BEGIN DATASET RECORDS

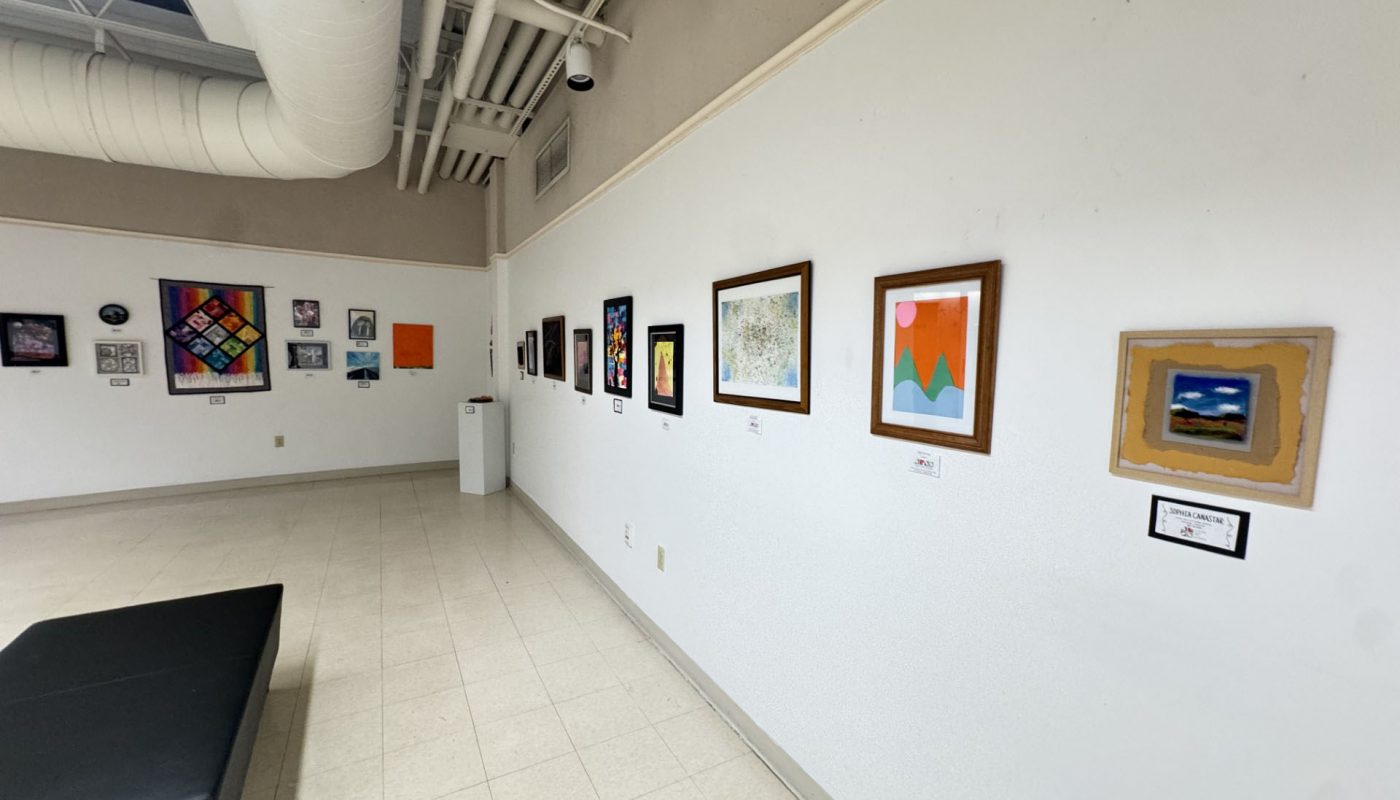 Reflections Art Show Gallery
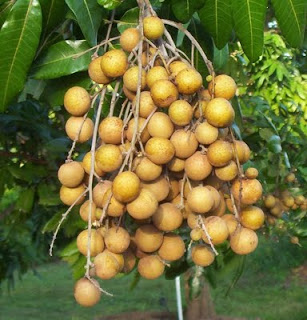 Manfaat buah kelengkeng bagi kesehatan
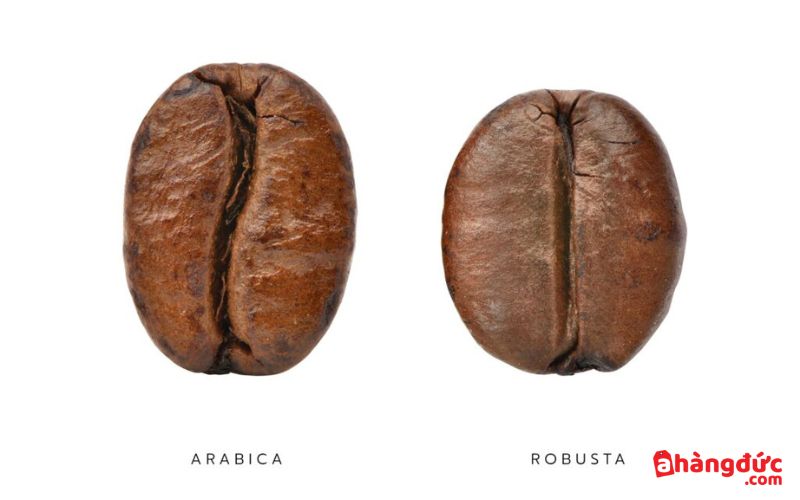 Hình dáng hạt cà phê của Robusta và Arabica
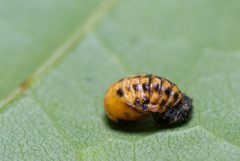 Coccinella hieroglyphica pupa by Gilles San Martin from Namur, Belgium. Used under a CC BY-SA 2.0 license.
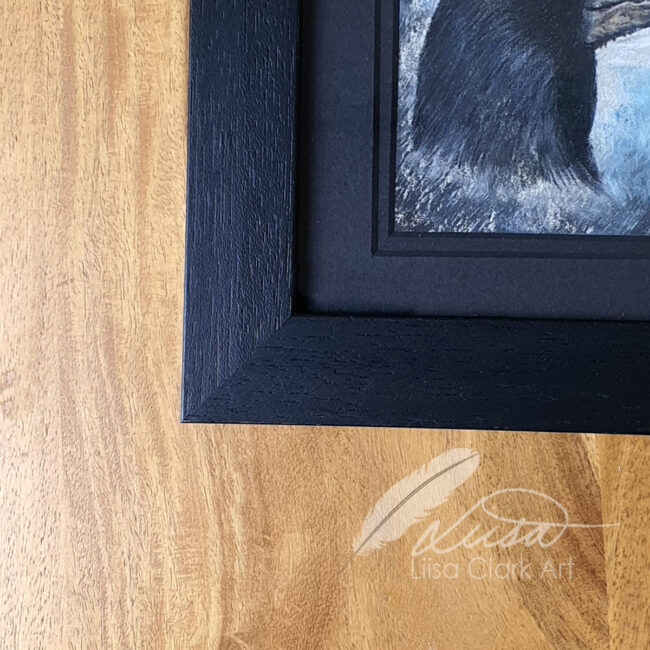 The Corvid Portrait Series Original Pastel Drawing of a Rook set in an Black Mount and Frame by Liisa Clark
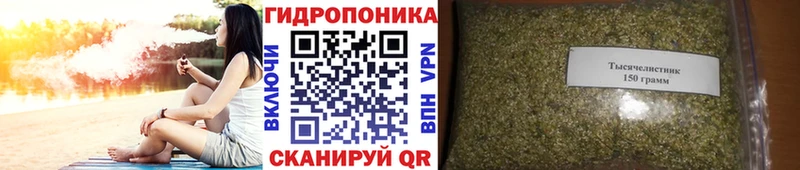 blacksprut рабочий сайт Тайга Шишки марихуана индика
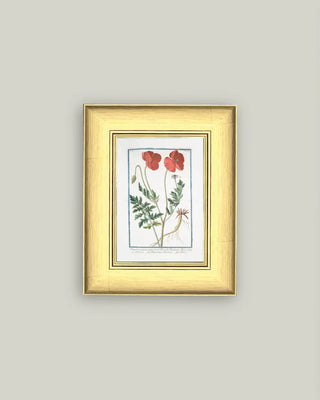 Poppies Framed Antique Art (more sizes)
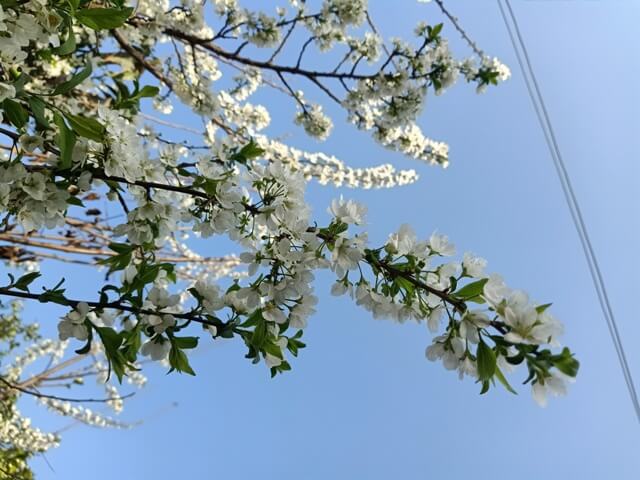 Blooming blossom of s plum tree 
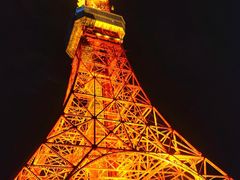 -东京塔海贼王主题公园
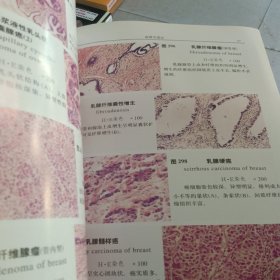 组织学与病理学图谱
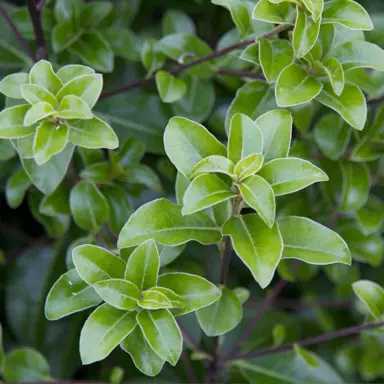 pittosporum-irish-luck-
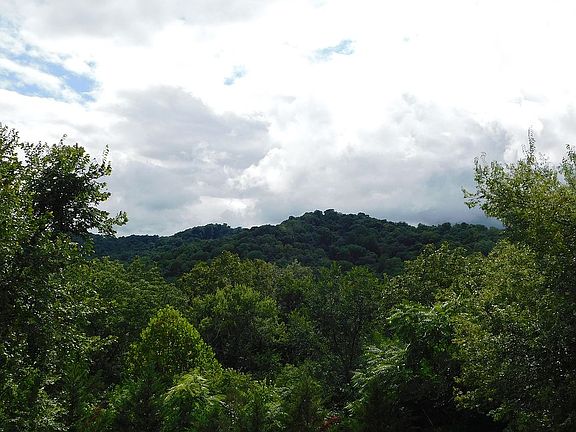 View from back deck.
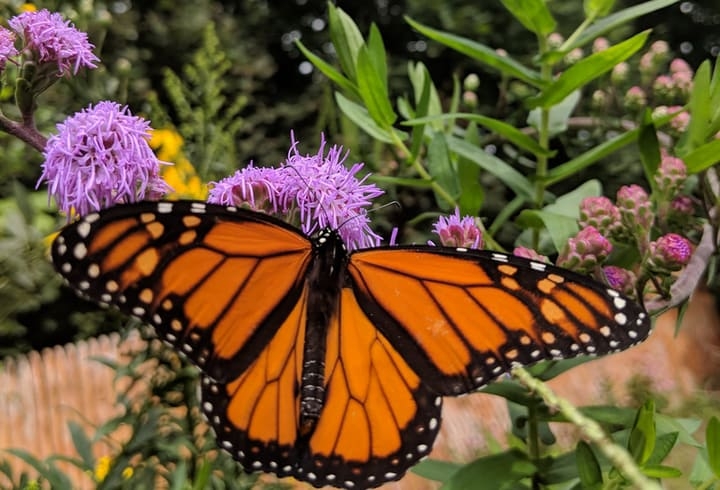 monarch butterfly on liatris monarch butterfly on liatris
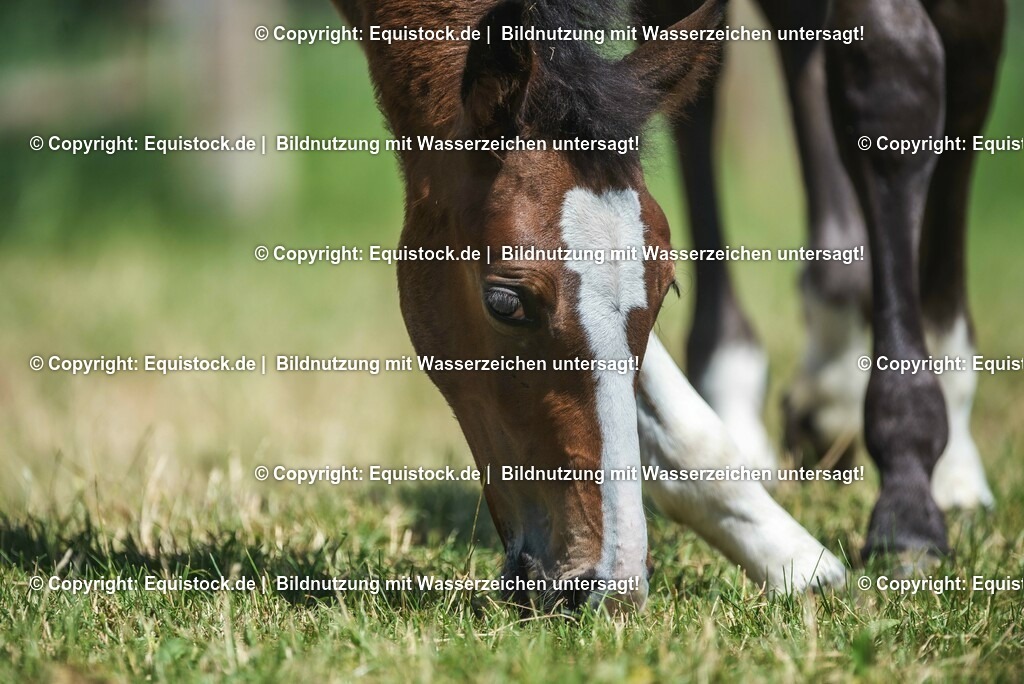 20210617_Fohlen_0203 | Foto: Thomas Hartig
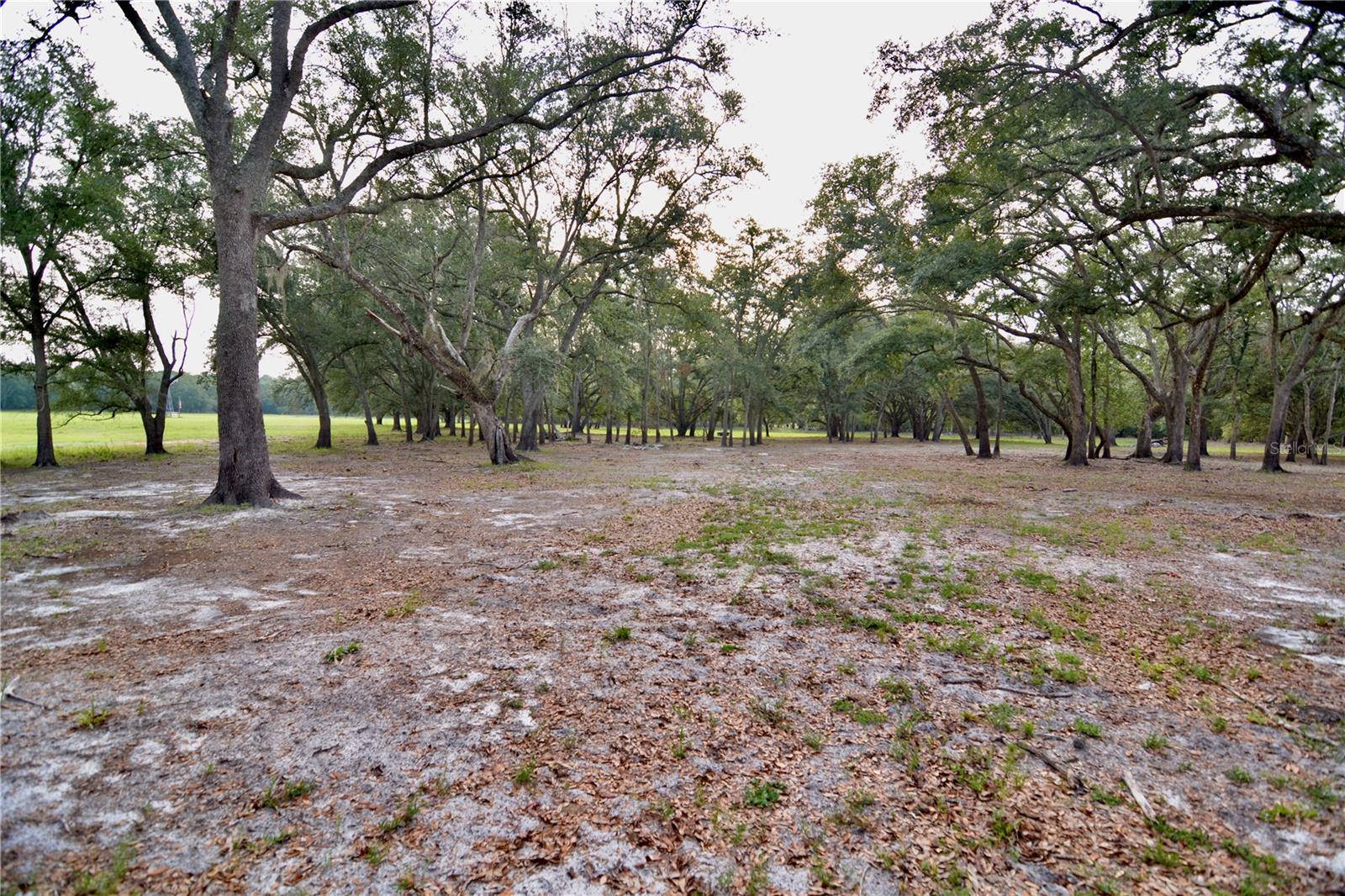 2669 NW SUWANNEE VALLEY RD, LAKE CITY, FL — photo 52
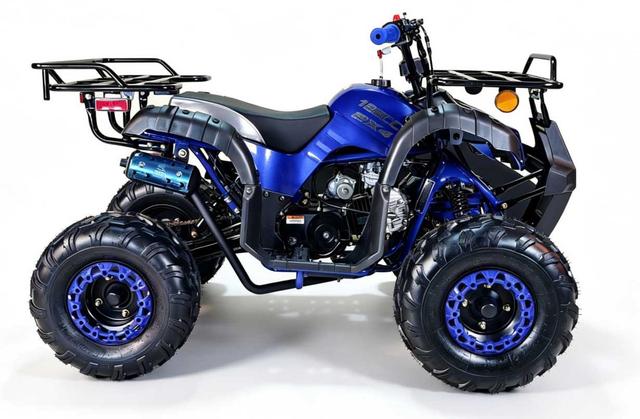 Rider 12 - 125 youth atv, available to order in Rockford, MI
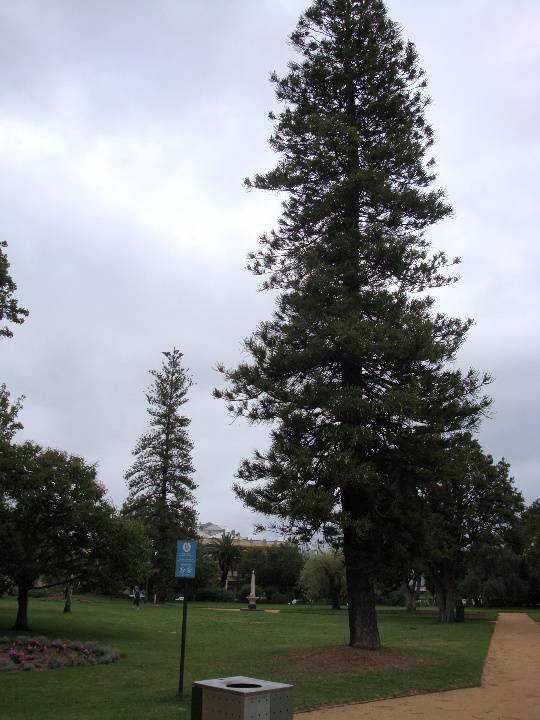 T11142 Araucaria columnaris Albert Park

END DATASET RECORDS

# WHAT YOU NEED TO DO
With pictures excluded, the data must be transcribed in full and to the letter.

# EXPECTED ANSWER
 Reflections Art Show Gallery
 Manfaat buah kelengkeng bagi kesehatan
 Hình dáng hạt cà phê của Robusta và Arabica
 Coccinella hieroglyphica pupa by Gilles San Martin from Namur, Belgium. Used under a CC BY-SA 2.0 license.
 The Corvid Portrait Series Original Pastel Drawing of a Rook set in an Black Mount and Frame by Liisa Clark
 blacksprut рабочий сайт Тайга Шишки марихуана индика
 Poppies Framed Antique Art (more sizes)
 Blooming blossom of s plum tree 
 -东京塔海贼王主题公园
 组织学与病理学图谱
 pittosporum-irish-luck-
 View from back deck.
 monarch butterfly on liatris monarch butterfly on liatris
 20210617_Fohlen_0203 | Foto: Thomas Hartig
 2669 NW SUWANNEE VALLEY RD, LAKE CITY, FL — photo 52
 Rider 12 - 125 youth atv, available to order in Rockford, MI
 T11142 Araucaria columnaris Albert Park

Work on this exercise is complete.